:: Records for the task
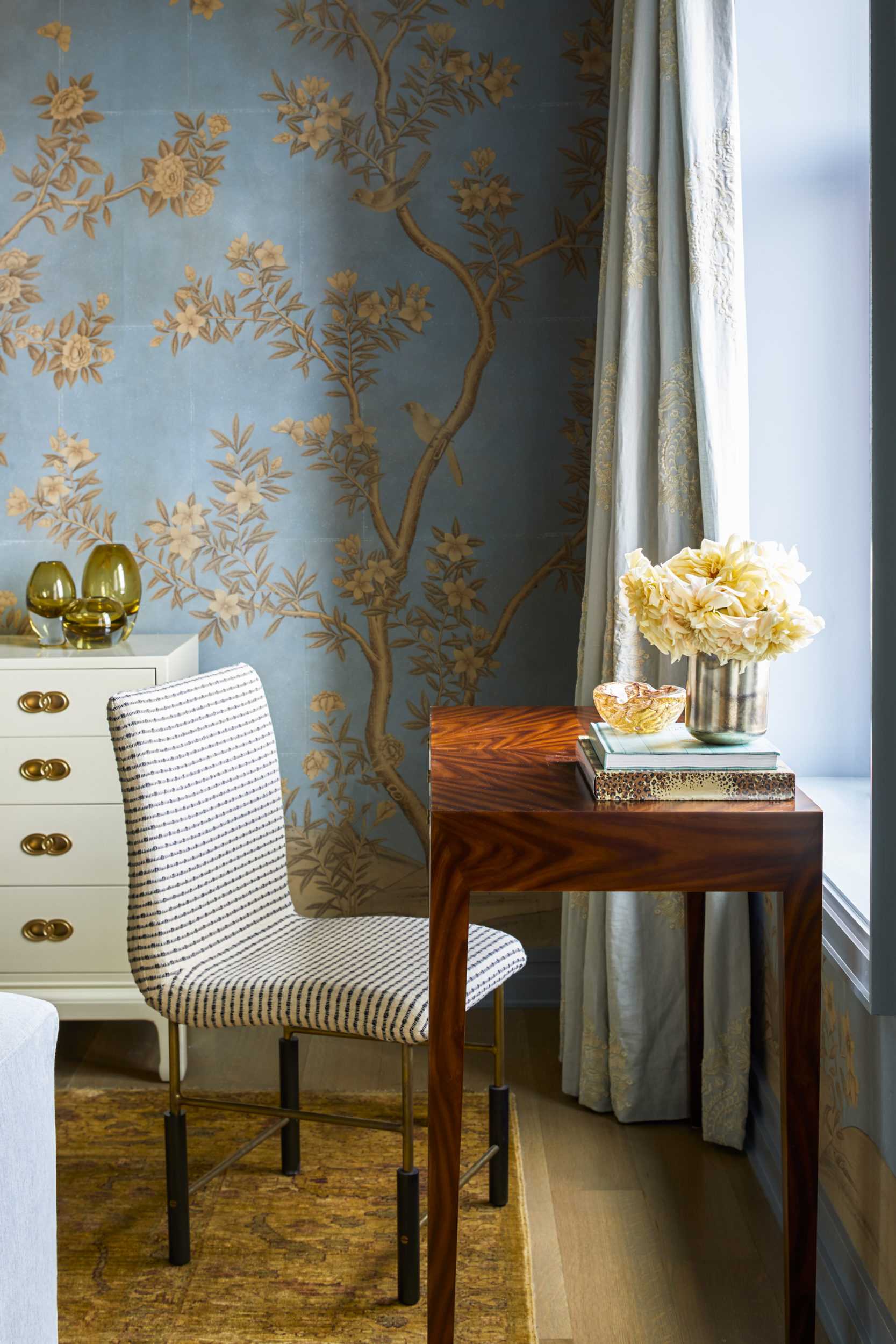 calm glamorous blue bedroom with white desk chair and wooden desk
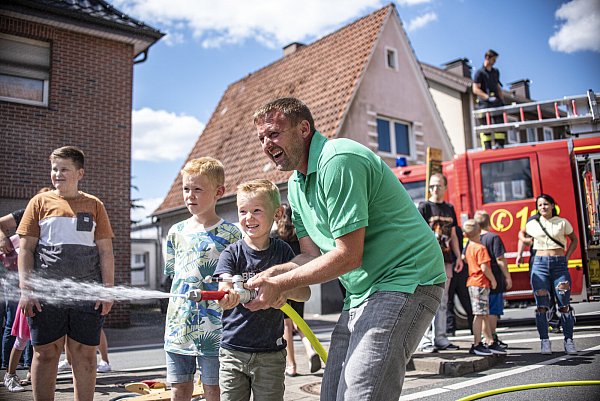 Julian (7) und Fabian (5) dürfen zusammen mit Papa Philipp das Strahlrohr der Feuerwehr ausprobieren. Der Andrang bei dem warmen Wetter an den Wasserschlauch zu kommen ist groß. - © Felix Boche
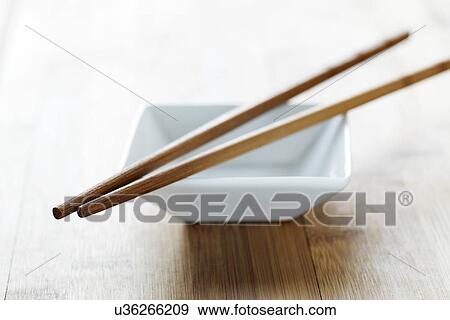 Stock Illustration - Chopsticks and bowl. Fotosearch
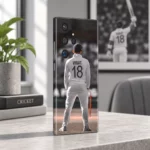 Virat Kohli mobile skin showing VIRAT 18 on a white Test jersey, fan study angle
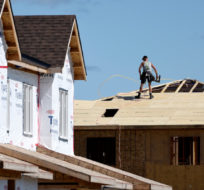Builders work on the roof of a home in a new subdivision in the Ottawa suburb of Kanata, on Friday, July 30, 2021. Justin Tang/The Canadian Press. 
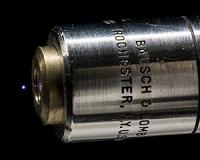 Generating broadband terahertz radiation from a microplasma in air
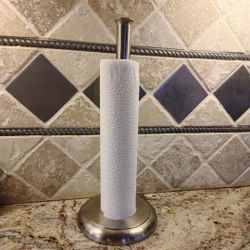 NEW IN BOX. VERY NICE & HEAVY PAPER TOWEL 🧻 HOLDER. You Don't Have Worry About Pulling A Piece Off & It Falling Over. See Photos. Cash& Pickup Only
::::
**Your assignment:**
Copy out exactly, with no pictures, the lines of the data from the first one through the line bearing "Julian (7) und".

**Response box:**
 calm glamorous blue bedroom with white desk chair and wooden desk
 Julian (7) und Fabian (5) dürfen zusammen mit Papa Philipp das Strahlrohr der Feuerwehr ausprobieren. Der Andrang bei dem warmen Wetter an den Wasserschlauch zu kommen ist groß. - © Felix Boche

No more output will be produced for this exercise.